The Albany Department of Water & Water Supply maintains a combined sewer system containing many major components that are well over a hundred years old.
The Albany Water Board contracted a third-party inspection and assessment of approximately 2,600 LF of sewer within the Beaver Creek Combined Sewer District. This network provides sanitary sewer and storm drainage for more than 13 square kilometers (five square miles) of Albany.
Many sections of large diameter brick sewers were found to be obviously failing, with visible mortar loss and cracks and, most alarmingly, longitudinal fractures at pipe crowns running continuously along entire sewer sections, with bricks starting to fall out, indicating severe risk of failure and collapse.
In affected neighborhoods, the combined sewers typically run directly under street centerlines, and right-of-ways are relatively narrow, just 18.266 meters (60 feet). These are older neighborhoods with minimal setbacks, and houses tend to be built very near property lines. This meant limited staging areas or road closures.
All in residential neighborhoods, four total rehabilitation projects were led under this initial bid process, a total of 1,160 LF. Most of the sewers were 2.134 meters (84”) circular brick, with one short section, just 89 LF, of 1.22m x 1.52m (48”x60”) oblong brick sewer. Mid-project, in response to the discovery of a large void in a 1.52m (60”) circular brick line in Washington Lake Park, an additional 103.63 meters (340 feet) of sewer was added via change order.

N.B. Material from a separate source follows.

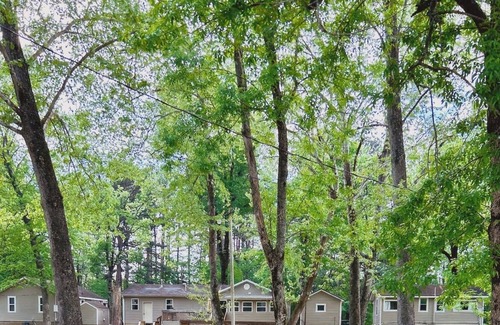Piedmont Cabin | The Forest Trails Cabin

Albany is subject to sudden storm events, causing flash floods in sewer systems. Minimizing road closures while working within the narrow right-of-ways, minimal setbacks, and anticipated storm events was key in assessing and selecting a solution.
The stabilization and rehabilitation of these aging and failing structures were successfully completed with a centrifugally cast concrete pipe (CCCP) system, spincasting a specialized fine aggregate composite concrete (FACC).
The bypass system needed to handle the daily flow, as well as sudden floods from storm events. The depth of the sewers added complexity to every aspect. Bypass pumping with submersible pumps ensured dry sewers during the 2–3-hour FACC curing windows. A collapsible weir was devised to be deployed upstream in less than a minute during a storm event to protect new concrete layers and allow crews to evacuate. Several storms thoroughly tested the reliability and functionality of this system. Road closures and disruption to residents and businesses, including a hospital, were minimal.
Work was completed on schedule, including the emergency change order, despite an unusually stormy season. The cost-effectiveness and quality of the repair were a huge success for Albany and should add 50-75 years to the lifespan of these sewers.